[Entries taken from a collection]
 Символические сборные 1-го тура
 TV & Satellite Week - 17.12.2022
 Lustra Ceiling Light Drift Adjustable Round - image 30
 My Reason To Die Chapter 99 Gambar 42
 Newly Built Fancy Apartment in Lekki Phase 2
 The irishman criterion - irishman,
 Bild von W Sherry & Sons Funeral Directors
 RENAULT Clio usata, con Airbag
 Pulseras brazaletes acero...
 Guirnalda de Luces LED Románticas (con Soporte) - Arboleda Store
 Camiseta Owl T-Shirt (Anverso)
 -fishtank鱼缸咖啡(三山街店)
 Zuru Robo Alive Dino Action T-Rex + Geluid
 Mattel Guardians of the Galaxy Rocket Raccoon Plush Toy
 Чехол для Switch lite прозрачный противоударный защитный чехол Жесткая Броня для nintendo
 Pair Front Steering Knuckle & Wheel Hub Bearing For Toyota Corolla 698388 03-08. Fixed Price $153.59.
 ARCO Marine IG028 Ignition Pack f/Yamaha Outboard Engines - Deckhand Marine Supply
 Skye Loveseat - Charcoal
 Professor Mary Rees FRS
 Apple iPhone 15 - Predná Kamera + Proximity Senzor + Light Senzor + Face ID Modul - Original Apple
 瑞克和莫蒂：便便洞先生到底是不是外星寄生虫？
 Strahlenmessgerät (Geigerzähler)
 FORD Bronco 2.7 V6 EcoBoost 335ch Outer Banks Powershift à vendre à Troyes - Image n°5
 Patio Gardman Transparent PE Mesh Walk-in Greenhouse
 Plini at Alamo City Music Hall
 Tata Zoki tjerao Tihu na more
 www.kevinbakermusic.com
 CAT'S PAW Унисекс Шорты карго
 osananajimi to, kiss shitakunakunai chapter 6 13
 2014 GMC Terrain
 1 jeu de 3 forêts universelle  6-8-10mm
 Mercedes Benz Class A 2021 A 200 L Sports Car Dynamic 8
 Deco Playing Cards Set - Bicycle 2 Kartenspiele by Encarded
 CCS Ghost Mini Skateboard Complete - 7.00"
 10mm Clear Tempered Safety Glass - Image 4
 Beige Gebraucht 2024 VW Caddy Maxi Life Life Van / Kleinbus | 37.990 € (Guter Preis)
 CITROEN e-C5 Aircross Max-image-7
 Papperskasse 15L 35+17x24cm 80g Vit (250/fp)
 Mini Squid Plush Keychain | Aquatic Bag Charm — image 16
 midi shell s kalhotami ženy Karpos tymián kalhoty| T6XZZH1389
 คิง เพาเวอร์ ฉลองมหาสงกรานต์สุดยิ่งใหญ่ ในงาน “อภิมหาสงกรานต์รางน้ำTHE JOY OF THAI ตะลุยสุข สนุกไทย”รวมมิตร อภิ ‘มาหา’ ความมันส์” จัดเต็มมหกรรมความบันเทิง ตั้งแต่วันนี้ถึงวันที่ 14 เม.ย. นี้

:: TASK ITEM ::
Your task is to set down exactly the lines from the line containing "Guirnalda de Luces" to the end of the data above, including both ends.

:: WRITTEN ANSWER ::
 Guirnalda de Luces LED Románticas (con Soporte) - Arboleda Store
 Camiseta Owl T-Shirt (Anverso)
 -fishtank鱼缸咖啡(三山街店)
 Zuru Robo Alive Dino Action T-Rex + Geluid
 Mattel Guardians of the Galaxy Rocket Raccoon Plush Toy
 Чехол для Switch lite прозрачный противоударный защитный чехол Жесткая Броня для nintendo
 Pair Front Steering Knuckle & Wheel Hub Bearing For Toyota Corolla 698388 03-08. Fixed Price $153.59.
 ARCO Marine IG028 Ignition Pack f/Yamaha Outboard Engines - Deckhand Marine Supply
 Skye Loveseat - Charcoal
 Professor Mary Rees FRS
 Apple iPhone 15 - Predná Kamera + Proximity Senzor + Light Senzor + Face ID Modul - Original Apple
 瑞克和莫蒂：便便洞先生到底是不是外星寄生虫？
 Strahlenmessgerät (Geigerzähler)
 FORD Bronco 2.7 V6 EcoBoost 335ch Outer Banks Powershift à vendre à Troyes - Image n°5
 Patio Gardman Transparent PE Mesh Walk-in Greenhouse
 Plini at Alamo City Music Hall
 Tata Zoki tjerao Tihu na more
 www.kevinbakermusic.com
 CAT'S PAW Унисекс Шорты карго
 osananajimi to, kiss shitakunakunai chapter 6 13
 2014 GMC Terrain
 1 jeu de 3 forêts universelle  6-8-10mm
 Mercedes Benz Class A 2021 A 200 L Sports Car Dynamic 8
 Deco Playing Cards Set - Bicycle 2 Kartenspiele by Encarded
 CCS Ghost Mini Skateboard Complete - 7.00"
 10mm Clear Tempered Safety Glass - Image 4
 Beige Gebraucht 2024 VW Caddy Maxi Life Life Van / Kleinbus | 37.990 € (Guter Preis)
 CITROEN e-C5 Aircross Max-image-7
 Papperskasse 15L 35+17x24cm 80g Vit (250/fp)
 Mini Squid Plush Keychain | Aquatic Bag Charm — image 16
 midi shell s kalhotami ženy Karpos tymián kalhoty| T6XZZH1389
 คิง เพาเวอร์ ฉลองมหาสงกรานต์สุดยิ่งใหญ่ ในงาน “อภิมหาสงกรานต์รางน้ำTHE JOY OF THAI ตะลุยสุข สนุกไทย”รวมมิตร อภิ ‘มาหา’ ความมันส์” จัดเต็มมหกรรมความบันเทิง ตั้งแต่วันนี้ถึงวันที่ 14 เม.ย. นี้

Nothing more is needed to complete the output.